I would just like to say something to the posters who've 'jumped on' things that other posters, such as Lifeissweet, have said about what teachers prioritise in their teaching and their marking and why.
You're just shooting the messenger. When teachers tell you what they do and why, don't make the mistake of thinking they believe it all, or that they, have any control over it whatsover.
When we're on our training courses and Inset days, we're being told by LA educational advisors and 'experts' exactly how to 'do' our job. And we get assessed and performance managed on our adherence to this. It's a job, we get told how to do it by our bosses (the government) and we do it.
We don't have the choice as to whether we follow this or not, we have to do it. So if we get told that in a piece of work we can only correct three spellings, then we can only correct three spellings. Because if we don't, the HT wants to know why the next time there's a 'book trawl' and there's only so many run ins with SMT I want to have because I'm challenging an interpretation of government policy I have no power to change on my own on a Thursday morning!
A lot of the way literacy is taught 'currently', is about catching lower attaining children and encouraging reluctant writers. The idea being, as Lifeissweet said, that an already reluctant writer might decide to not bother again if the piece of work they have returned to them has several spelling/grammatical errors highlighted to them, however, 'nicely' it is done. The current focus is on encouraging, facilitating and enabling creativity and ideas, rather than some of the other aspects of literacy that might have taken precedence during our own education. Whether you think that is bollocks or not is up to you (and may or maynot be right), but it's not the fault of teachers.

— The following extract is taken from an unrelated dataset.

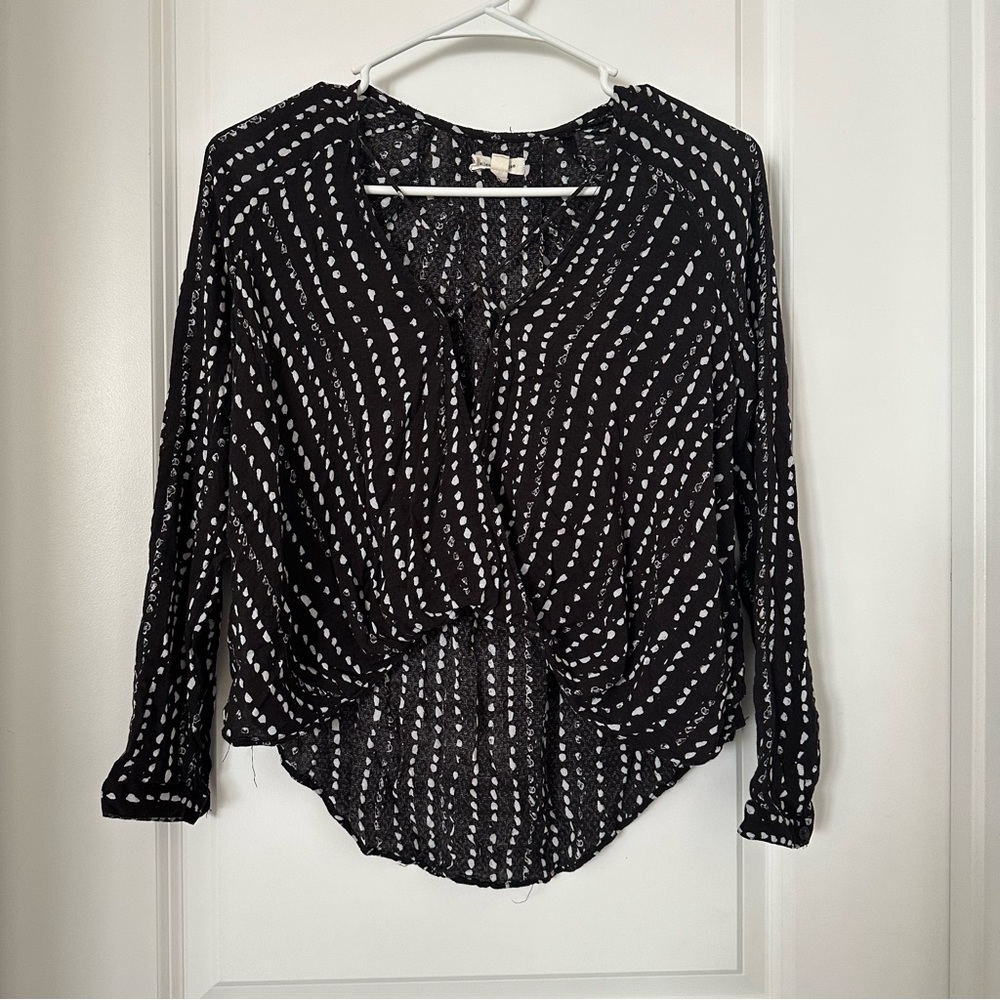 Long sleeve urban outfitters printed top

And as someone else eluded to earlier, a teacher's own skills, knowledge and understanding of any subject is only as good as the education they themselves received. They haven't just abandoned their own knowledge and don't give a shit. So clearly there were failings in their education too. We had the same educational experience as our peers, PGCEs don't fill in the gaps in our own primary and secondary education! They tell us what the current government values and expects to see, ideas we can use in lessons to teach this and how we should mark them.
I don't know what the answer is. I see some things in schools, particularly lower down in primary, that I think are brilliant, I see other things (my own son's secondary work) that make me despair. I think we might need to pay a bit more attention to what other countries are doing so well and seeing what we can learn from them.